__The data__:
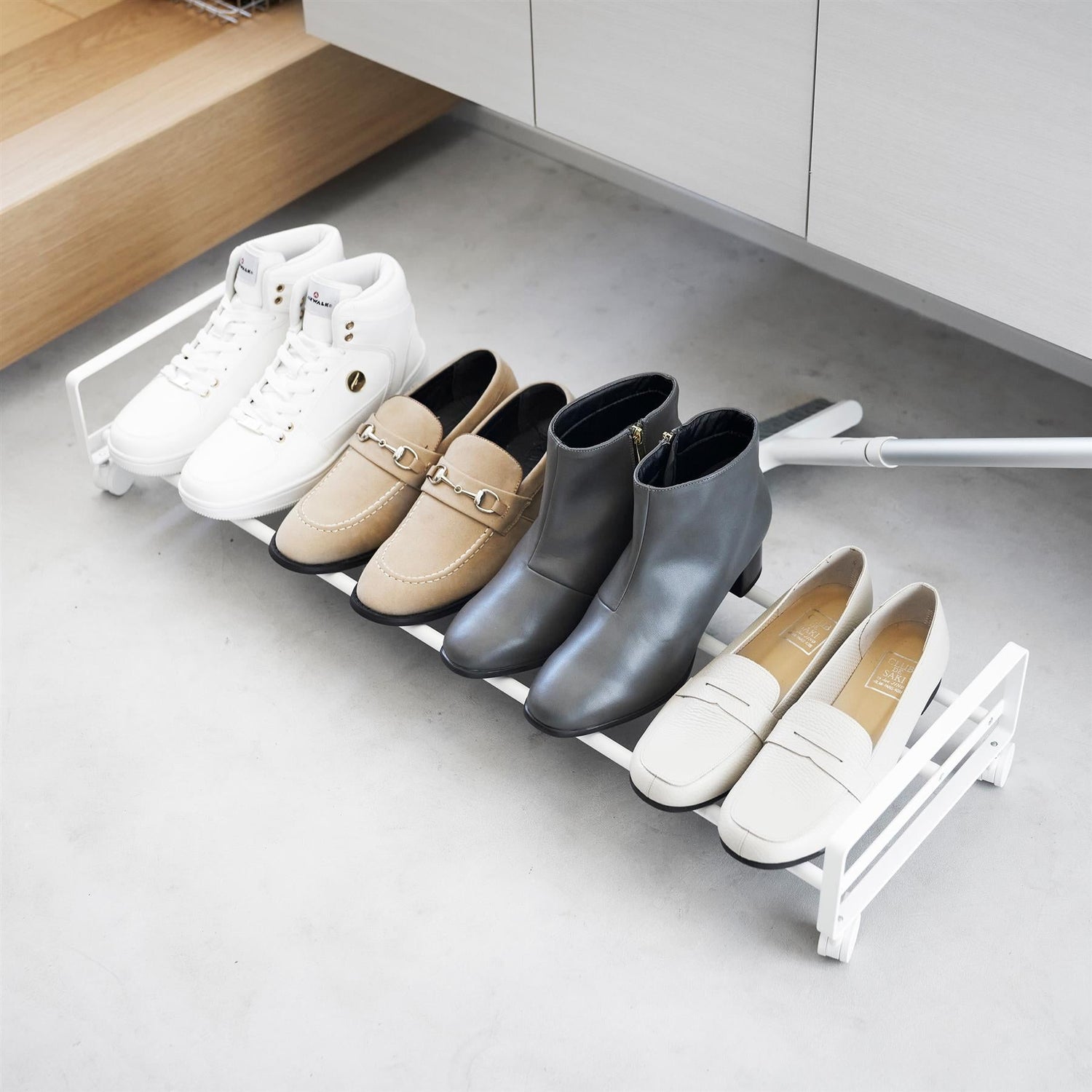 Compact Shoe Rack with Castors - Not A Boring Box APFE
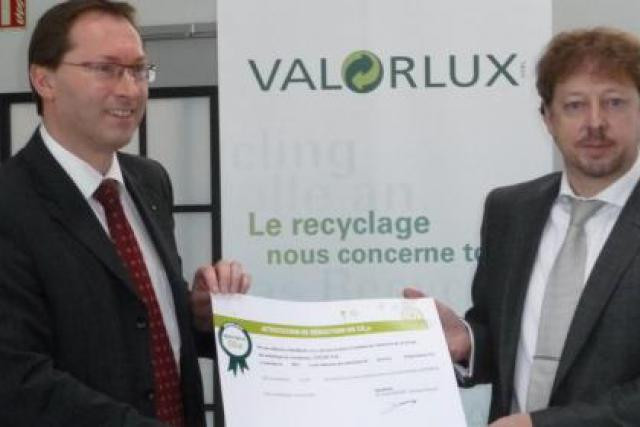Ernest Boever, directeur général de Valorlux et Claude Steinmetz, directeur de Luxlait. (Photo : Valorlux)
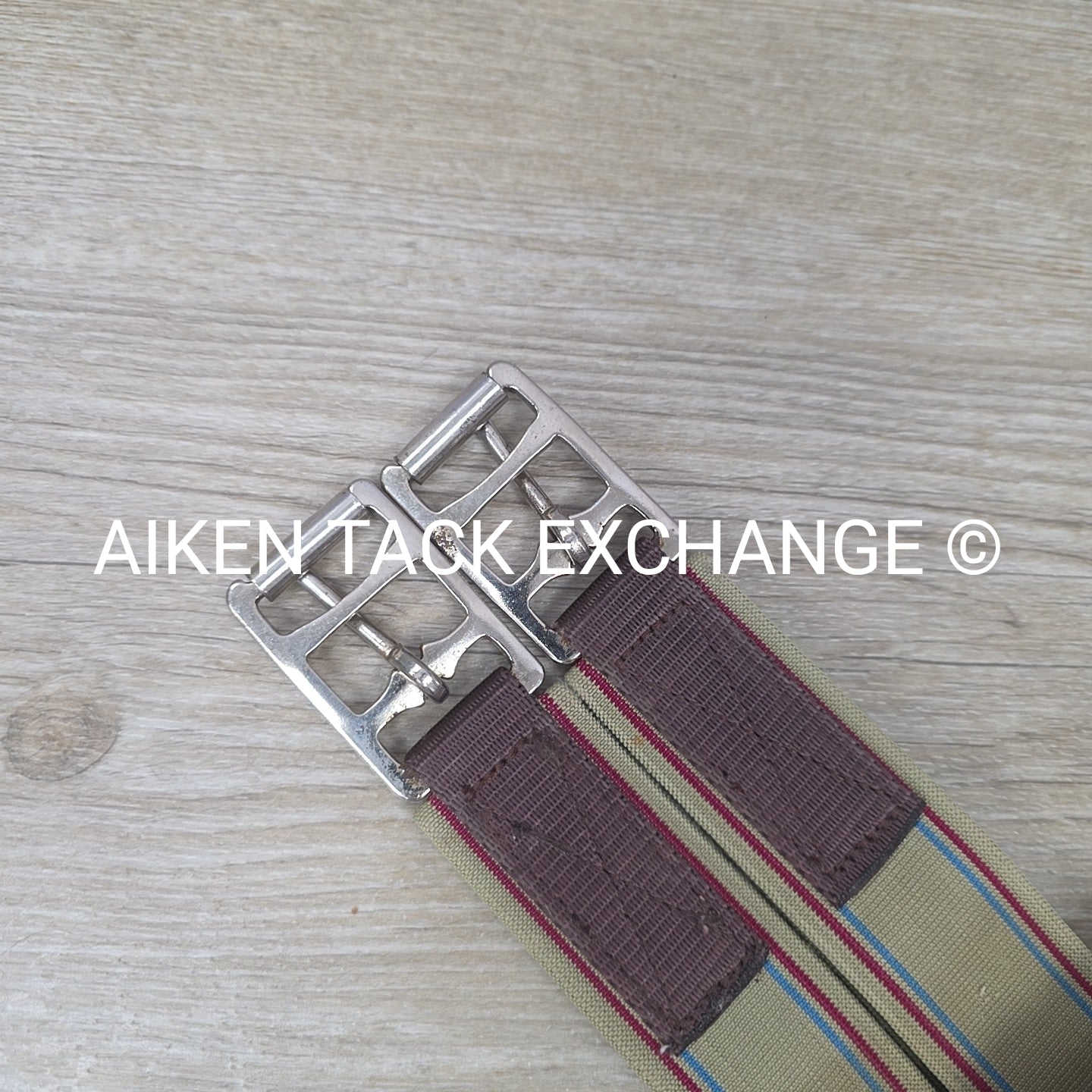 HFP Fleece Girth with Double End Elastic, Brown, 46"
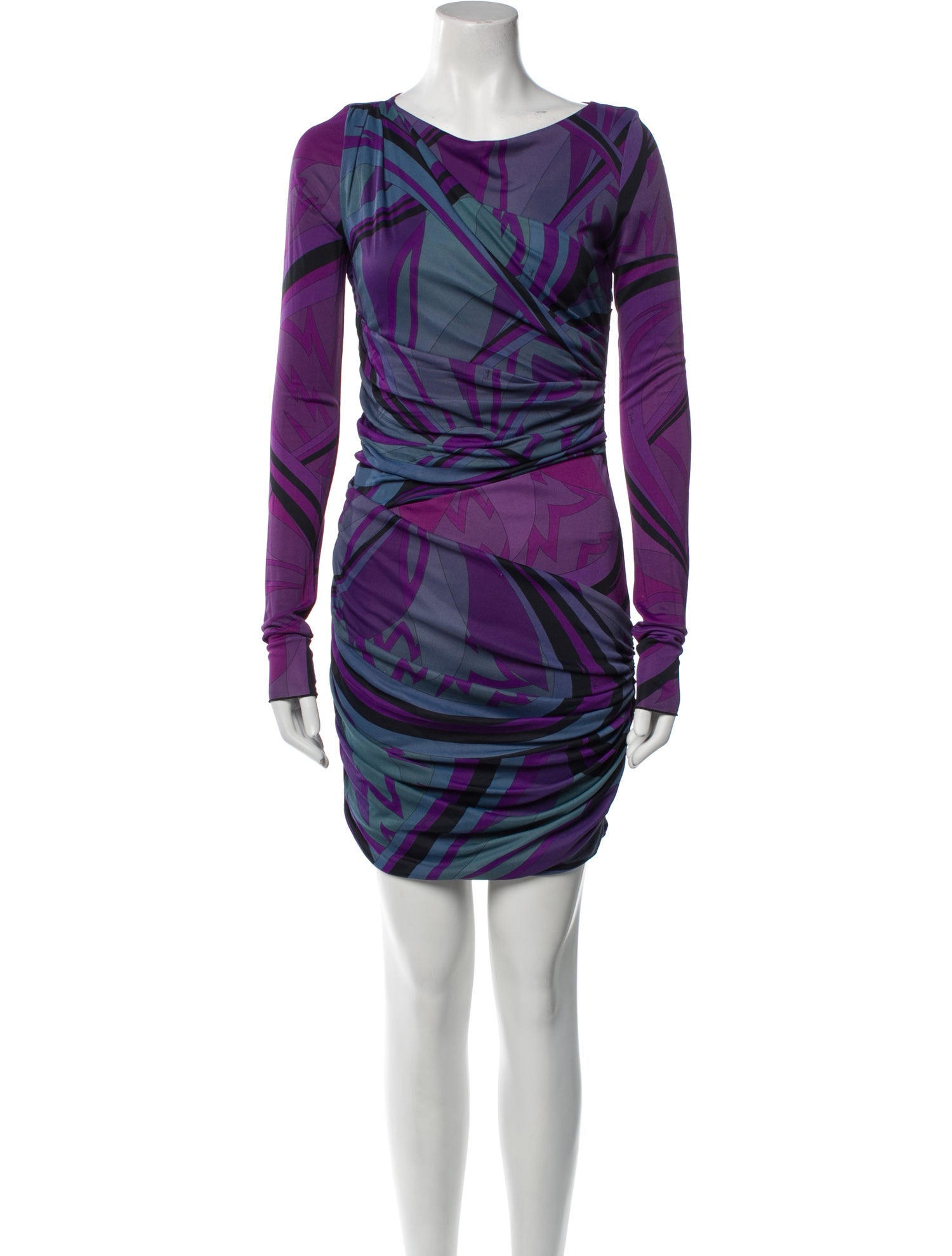 Emilio Pucci Printed Knee-Length Dress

__Exercise goal__: Pictures are to be left out; repeat all the remaining data exactly.

__Task solution__:
 Compact Shoe Rack with Castors - Not A Boring Box APFE
Ernest Boever, directeur général de Valorlux et Claude Steinmetz, directeur de Luxlait. (Photo : Valorlux)
 HFP Fleece Girth with Double End Elastic, Brown, 46"
 Emilio Pucci Printed Knee-Length Dress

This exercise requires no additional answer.